Это были мелочи, глупые бытовые привычки, о которых им стоило бы просто поговорить, но они этого не сделали, потому что еще не умели разговаривать.
Они терпели: Сохо мыл посуду, а Гонхи закрывал флаконы, а потом раздражение к недостаткам друг друга накопилось в них до самого края и выплеснулось взаимными претензиями и упреками, приведя к тому, что поздним вечером Гонхи швырнул в рюкзак запасную одежду и телефон, хлопнул дверью и целую неделю не появлялся дома, заливая слезами диван в квартире лучшего друга.
Сохо был так сердит на него, что первые пару дней не до конца утихший гнев клокотал в нем, заглушая и голос разума, и голос сердца, зовущие его к младшему.
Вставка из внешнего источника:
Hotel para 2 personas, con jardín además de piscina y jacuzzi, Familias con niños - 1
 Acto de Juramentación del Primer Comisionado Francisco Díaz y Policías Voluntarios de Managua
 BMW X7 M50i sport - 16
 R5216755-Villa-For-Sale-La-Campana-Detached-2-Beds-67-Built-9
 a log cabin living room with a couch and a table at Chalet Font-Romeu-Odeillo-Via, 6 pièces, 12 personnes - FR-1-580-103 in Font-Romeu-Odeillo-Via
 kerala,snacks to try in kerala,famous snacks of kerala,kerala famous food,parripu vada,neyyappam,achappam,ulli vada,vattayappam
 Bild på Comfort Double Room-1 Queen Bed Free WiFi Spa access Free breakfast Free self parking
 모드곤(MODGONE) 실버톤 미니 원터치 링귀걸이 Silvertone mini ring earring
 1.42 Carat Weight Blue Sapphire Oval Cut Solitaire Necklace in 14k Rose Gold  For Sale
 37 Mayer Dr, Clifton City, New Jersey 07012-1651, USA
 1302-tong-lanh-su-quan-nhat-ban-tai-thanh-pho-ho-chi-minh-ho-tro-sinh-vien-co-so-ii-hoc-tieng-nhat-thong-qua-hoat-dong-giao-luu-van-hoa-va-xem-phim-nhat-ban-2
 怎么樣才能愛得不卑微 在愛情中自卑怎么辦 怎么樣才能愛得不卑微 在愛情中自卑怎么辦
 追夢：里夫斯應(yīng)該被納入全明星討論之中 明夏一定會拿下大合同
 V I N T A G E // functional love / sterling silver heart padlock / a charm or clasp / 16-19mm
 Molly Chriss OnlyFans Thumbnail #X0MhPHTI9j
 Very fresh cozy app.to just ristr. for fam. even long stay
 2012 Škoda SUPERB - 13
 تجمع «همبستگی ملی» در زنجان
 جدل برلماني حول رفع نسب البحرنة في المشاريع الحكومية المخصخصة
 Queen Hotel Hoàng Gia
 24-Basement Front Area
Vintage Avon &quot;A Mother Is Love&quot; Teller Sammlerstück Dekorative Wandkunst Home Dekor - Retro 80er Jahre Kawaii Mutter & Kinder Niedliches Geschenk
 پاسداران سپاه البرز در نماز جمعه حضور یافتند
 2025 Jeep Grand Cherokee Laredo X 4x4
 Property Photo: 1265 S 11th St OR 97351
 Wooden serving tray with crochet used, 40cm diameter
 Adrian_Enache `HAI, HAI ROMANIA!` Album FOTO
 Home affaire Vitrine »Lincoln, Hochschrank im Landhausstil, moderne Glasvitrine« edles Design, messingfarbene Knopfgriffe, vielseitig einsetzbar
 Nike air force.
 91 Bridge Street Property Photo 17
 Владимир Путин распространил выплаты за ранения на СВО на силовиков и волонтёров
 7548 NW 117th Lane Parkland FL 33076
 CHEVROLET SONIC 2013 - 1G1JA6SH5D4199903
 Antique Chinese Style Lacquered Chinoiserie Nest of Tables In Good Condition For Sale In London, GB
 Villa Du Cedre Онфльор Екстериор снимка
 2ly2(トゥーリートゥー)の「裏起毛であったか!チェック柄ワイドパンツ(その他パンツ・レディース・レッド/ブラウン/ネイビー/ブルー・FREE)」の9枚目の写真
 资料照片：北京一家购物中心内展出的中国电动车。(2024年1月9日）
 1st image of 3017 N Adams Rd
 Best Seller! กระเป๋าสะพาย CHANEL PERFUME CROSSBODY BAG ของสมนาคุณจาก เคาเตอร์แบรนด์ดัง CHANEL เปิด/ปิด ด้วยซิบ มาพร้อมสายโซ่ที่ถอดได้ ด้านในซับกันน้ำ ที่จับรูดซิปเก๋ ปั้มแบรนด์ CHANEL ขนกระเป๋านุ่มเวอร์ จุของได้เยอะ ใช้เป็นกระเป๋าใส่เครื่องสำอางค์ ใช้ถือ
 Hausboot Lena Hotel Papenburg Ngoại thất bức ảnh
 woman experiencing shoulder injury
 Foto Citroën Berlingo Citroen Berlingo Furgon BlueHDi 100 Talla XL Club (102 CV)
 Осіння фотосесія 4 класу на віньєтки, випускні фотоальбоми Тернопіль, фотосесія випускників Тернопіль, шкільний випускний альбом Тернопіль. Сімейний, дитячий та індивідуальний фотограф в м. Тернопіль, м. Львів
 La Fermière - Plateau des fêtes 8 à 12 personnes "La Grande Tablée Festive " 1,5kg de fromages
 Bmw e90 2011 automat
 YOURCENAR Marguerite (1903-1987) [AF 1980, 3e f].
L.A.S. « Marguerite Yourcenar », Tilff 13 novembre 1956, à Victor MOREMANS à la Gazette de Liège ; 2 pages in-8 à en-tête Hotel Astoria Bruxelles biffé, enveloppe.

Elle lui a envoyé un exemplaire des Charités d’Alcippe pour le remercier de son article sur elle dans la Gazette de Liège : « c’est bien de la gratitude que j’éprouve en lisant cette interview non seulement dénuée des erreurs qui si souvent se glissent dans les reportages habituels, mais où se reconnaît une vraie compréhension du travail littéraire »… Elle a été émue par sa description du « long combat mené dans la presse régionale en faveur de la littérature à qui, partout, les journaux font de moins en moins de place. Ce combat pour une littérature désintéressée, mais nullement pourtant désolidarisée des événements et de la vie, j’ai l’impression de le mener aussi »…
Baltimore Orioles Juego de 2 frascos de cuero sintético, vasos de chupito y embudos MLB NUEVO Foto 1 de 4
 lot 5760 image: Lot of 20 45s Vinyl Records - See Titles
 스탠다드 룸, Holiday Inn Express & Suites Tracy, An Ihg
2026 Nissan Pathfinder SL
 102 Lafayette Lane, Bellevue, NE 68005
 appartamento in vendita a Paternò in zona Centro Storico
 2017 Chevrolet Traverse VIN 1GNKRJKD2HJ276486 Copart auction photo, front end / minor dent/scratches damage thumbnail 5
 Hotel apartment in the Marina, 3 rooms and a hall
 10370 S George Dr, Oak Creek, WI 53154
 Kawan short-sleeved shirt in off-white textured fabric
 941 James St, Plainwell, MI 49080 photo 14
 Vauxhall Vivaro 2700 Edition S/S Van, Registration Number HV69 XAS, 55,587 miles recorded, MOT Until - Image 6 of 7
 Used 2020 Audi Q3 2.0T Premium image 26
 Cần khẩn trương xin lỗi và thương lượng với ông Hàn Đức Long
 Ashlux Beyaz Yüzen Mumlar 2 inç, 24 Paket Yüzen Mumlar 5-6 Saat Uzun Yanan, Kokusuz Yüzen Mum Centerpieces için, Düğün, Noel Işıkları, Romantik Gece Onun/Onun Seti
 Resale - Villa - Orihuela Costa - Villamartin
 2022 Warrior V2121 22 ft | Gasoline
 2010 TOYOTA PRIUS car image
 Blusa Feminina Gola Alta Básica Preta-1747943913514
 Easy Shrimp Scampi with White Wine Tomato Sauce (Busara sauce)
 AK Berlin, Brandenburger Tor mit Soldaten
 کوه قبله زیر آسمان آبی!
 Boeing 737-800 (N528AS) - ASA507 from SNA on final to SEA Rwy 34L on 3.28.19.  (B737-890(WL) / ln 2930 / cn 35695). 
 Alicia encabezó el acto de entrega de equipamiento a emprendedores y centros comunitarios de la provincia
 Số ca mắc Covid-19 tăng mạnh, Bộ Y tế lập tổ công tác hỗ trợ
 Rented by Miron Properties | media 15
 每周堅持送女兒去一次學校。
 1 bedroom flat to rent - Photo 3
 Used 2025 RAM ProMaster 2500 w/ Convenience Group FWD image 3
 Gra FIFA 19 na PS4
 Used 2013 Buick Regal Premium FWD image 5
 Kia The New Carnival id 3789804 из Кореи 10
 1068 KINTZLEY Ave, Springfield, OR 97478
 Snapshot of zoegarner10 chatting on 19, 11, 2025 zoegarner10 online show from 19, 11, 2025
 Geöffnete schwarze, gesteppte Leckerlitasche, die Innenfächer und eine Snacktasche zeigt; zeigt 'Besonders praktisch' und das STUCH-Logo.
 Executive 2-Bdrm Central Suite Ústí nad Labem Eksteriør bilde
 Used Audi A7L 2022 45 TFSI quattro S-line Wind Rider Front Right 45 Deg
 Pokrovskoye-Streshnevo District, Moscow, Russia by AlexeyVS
Ему казалось, что так будет лучше, что расставание — это то, что было неизбежно, что таким как они просто не суждено быть вместе, что все их отношения были забавой и они не способны на что-то большее, что-то серьезное, что-то взрослое…
Он так сердился, что как-то вечером пошел в клуб и выпил там лишнего, а потом подцепил девчонку и привел её в их с Гонхи дом и, может быть, у них даже что-то вышло бы, если бы они оба не выпили слишком много и если бы в голове у Сохо не сидела мысль о том, что её темные волосы пахнущие сладкими духами лежат на подушке, пахнущей шампунем Гонхи, поэтому он хотел сделать это, но не смог.
Утром она приготовила ему завтрак. Её звали Чон Ха и она была милой, и упорхнула из его дома в его футболке, которую так никогда и не вернула, а Сохо пошел и поменял постельное белье, отчего-то стараясь прикасаться к наволочке только кончиками пальцев.
Потом, уже днем он позвонил Гонхи, но тот не ответил, тогда он позвонил Хвануну, Хванун сказал ему: «Я не дам ему сейчас трубку, хён, он расстроен. Позвони завтра, я попробую с ним поговорить».
Сохо позвонил на следующий день, в этот раз Гонхи сбросил вызов, а Хванун в ответ на звонок снова сказал: «Может быть, позже?».
Еще три дня Сохо ложился спать в одиночестве, в пустой квартире, где никто не ходил ночью на кухню, чтобы поесть, не бросал немытую посуду в раковине и не вцеплялся в Сохо во время страшных моментов в очередной дораме и потом Сохо понял как сильно ему этого не хватает.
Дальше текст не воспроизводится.